Zygmunt Bauman’s upcoming book, “44 Letters From the Liquid Modern World” (forthcoming: Polity), furthers his project of describing a new form of modernity that is challenging individuals and society. He describes a “liquid” modernity: a state of constantly changing circumstances and shifting priorities that make it difficult for individuals to have the time or frames of reference to organize their lives under conditions of extreme ambiguity. Today, Truthout presents the second in a series of excerpts from Bauman’s forthcoming book with letter #38 from the volume, “The Voice of Lorna’s Silence.” vh
In one of the first scenes of the film by Jean-Pierre and Luc Dardennes, Le silence de Lorna, the eponymous heroine, exquisitely played by Artya Dobroshi, opens her mailbox, only to be frustrated; once again she finds it empty of the long-awaited letter. As the plot unravelled, it dawned on me that what I was watching, with bated breath, was itself a letter: a letter from the liquid modern world and one I would dearly have wished to write myself but would have failed, lacking the cinematographic vision and story-telling talents of the two directors and the writers of the screenplay. That wish of mine being, alas, bound to stay forever unfulfilled, the only thing I can do is to explain why I believe the oeuvre of Jean-Pierre and Luc Dardennes to be one of the best letters from the liquid modern world ever written . . . At least one of the best I’ve had a chance to read or managed to imagine.
The film does not start immediately with the search for the letter: it starts (and ends as well) like most plays staged in our liquid modern times (tragedies and comedies alike): with a sum of money changing hands. The film starts with Lorna, an immigrant with a temporary residence permit but applying for Belgian citizenship, paying some money into her bank account. The film ends with Lorna emptying and closing her account and being stripped of her Belgian identity card and mobile telephone (read: her network of connections, of people she might call, her sole anchorage amidst raving tides), and facing a choice between physical death and social death. The final credits splash on to the screen a few moments later, with Lorna, having been abandoned by friends and having escaped her persecutors, lying down for the night, stripped of all her tokens of identity or belonging, on a table in an abandoned wooden shack, deep in the woods in the middle of nowhere.
Lorna was married to Claudy, a junkie, who agreed to offer himself to Lorna as a path to Belgian citizenship — in exchange for a round sum of euros to finance his drug addiction. We learn that Fabio, the head of a mafia-like trade in passports, hearing the purpose of the frankly fictitious marriage, saw Claudy’s drug addiction as a major virtue: junkies die fast, he stated, and if they don’t die fast enough, then an overdose (whether by their own mistake or helped by others’ cleverness and malice aforethought) as a way of speeding up their departure was always a credible, since highly probable, eventuality. Then the young widow, having become a fully fledged Belgian citizen, would be able to offer her hand in marriage to another citizenship-seeker, for another round sum of euros . . . Lorna and her lover, Sokol (also an immigrant of, so to speak, eminently ‘fluid’ status), plan to use the money, eventually topped up with a hefty bank loan, to open a snack bar and start selling sandwiches for a change instead of their own bodies and identities.

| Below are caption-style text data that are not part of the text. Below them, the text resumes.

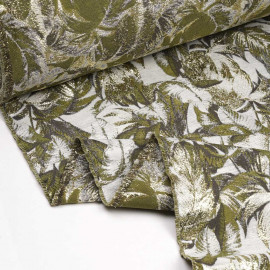Tissu jacquard gris à motif feuilles de palmier vert et taupe, fil lurex or - Pretty Mercerie - mercerie en ligne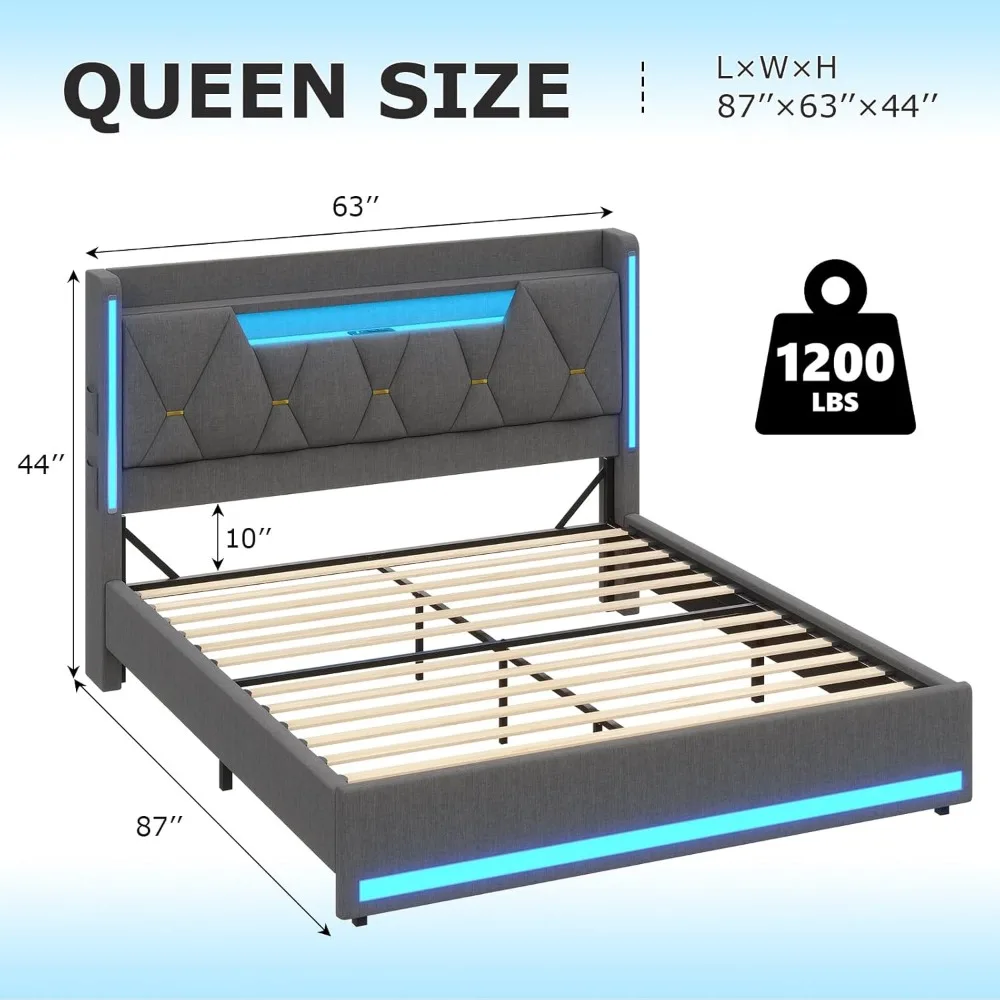 Marco de cama queen LED con cabecera de almacenamiento y almacenamiento oculto, luces LED, con estación de carga, cama tapizada de metal tamaño Queen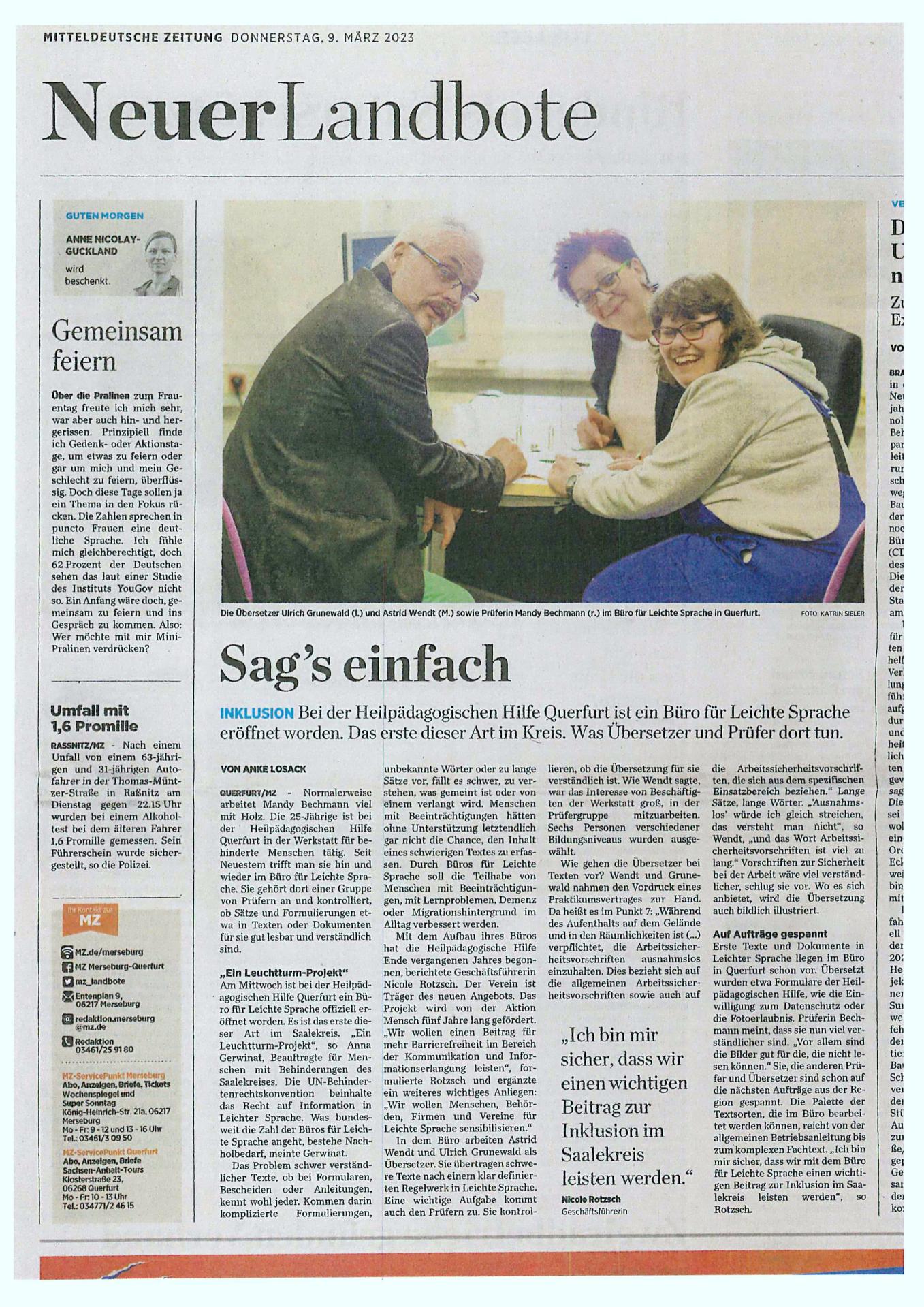 Artikel Neuer Landbote Artikel Neuer Landbote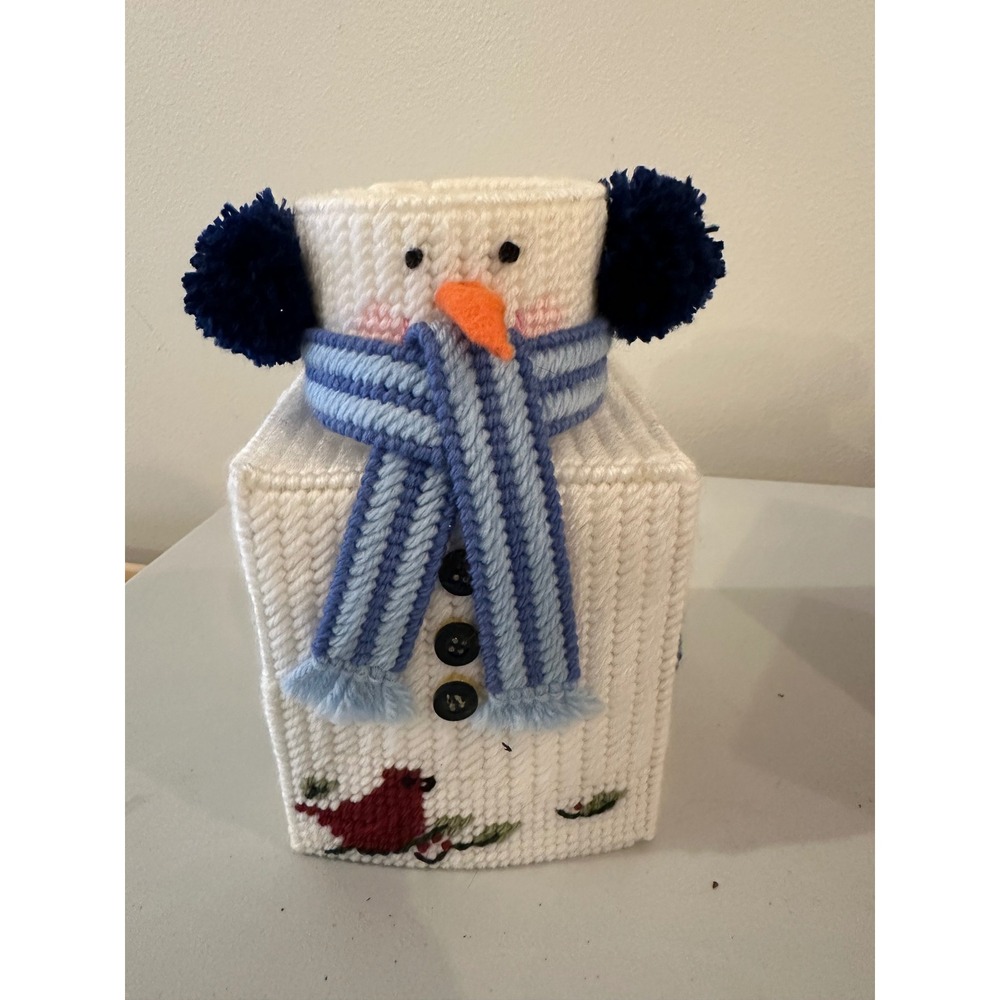 Mary Maxim Snowman Plastic Canvas Tissue Box Cover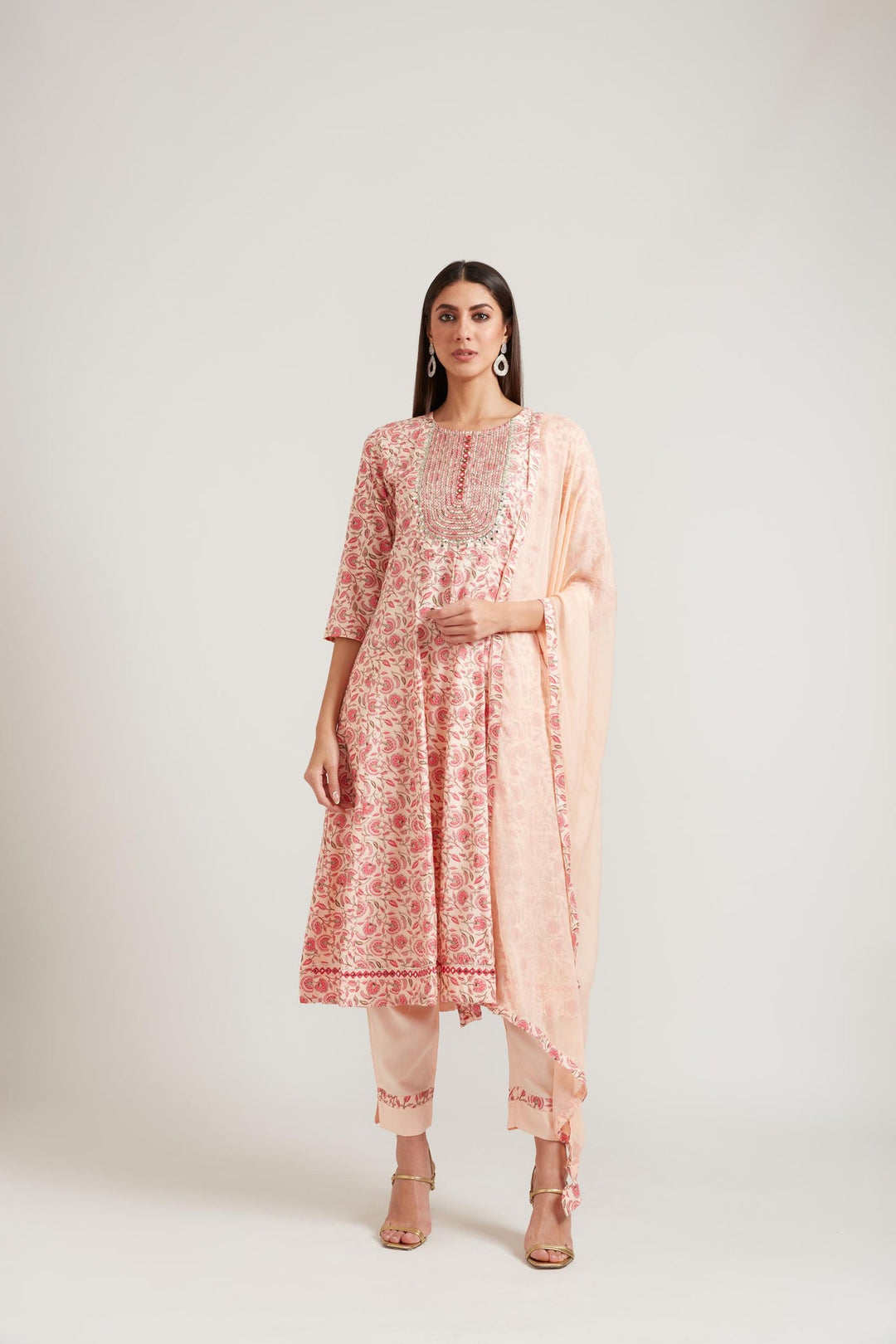 Neerus Orange cotton suit set - front view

In a society of consumers — that is, of people who, in order to consume, first need to offer themselves on the consumer market as sellable commodities — all that must have seemed a flawlessly calculated business proposition. It was perfectly attuned to the logic and spirit of the society which Lorna and Sokol were struggling to enter, much like the prospective buyers of their services, including their legally defined identities — the society in which they dreamed of becoming settled and secure. The scheme soon started falling apart, though, ripped asunder by factors the business proposition had neglected for the simple reason that they lacked a market price: factors such as compassion, pity, an impulse to care, or distaste for the infliction of pain and aversion to the sight of human suffering did not figure in the ‘marital’ contract.
These factors could be left out of the contract but, as became clearer by the day, they could not be kept out of human cohabitation and interaction for long. Faced with Lorna, a decent, hard-working, honest person, Claudy is inspired to lift himself out of his human degradation, by his bootstraps if necessary — and quit the destructive habit. Claudy’s appeals for help, and still more the sorry sight of Claudy struggling to defeat his degrading affliction yet tormented by cruel withdrawal symptoms, interfere brutally, and in the end successfully, with both the large and the small print of the business proposition. Lorna is human, Lorna cares, Lorna is urged to help — by what? Not, by her contractual obligations, for sure. Perhaps, then, by her humanity? By the distress and agony she sees on the face of another human being?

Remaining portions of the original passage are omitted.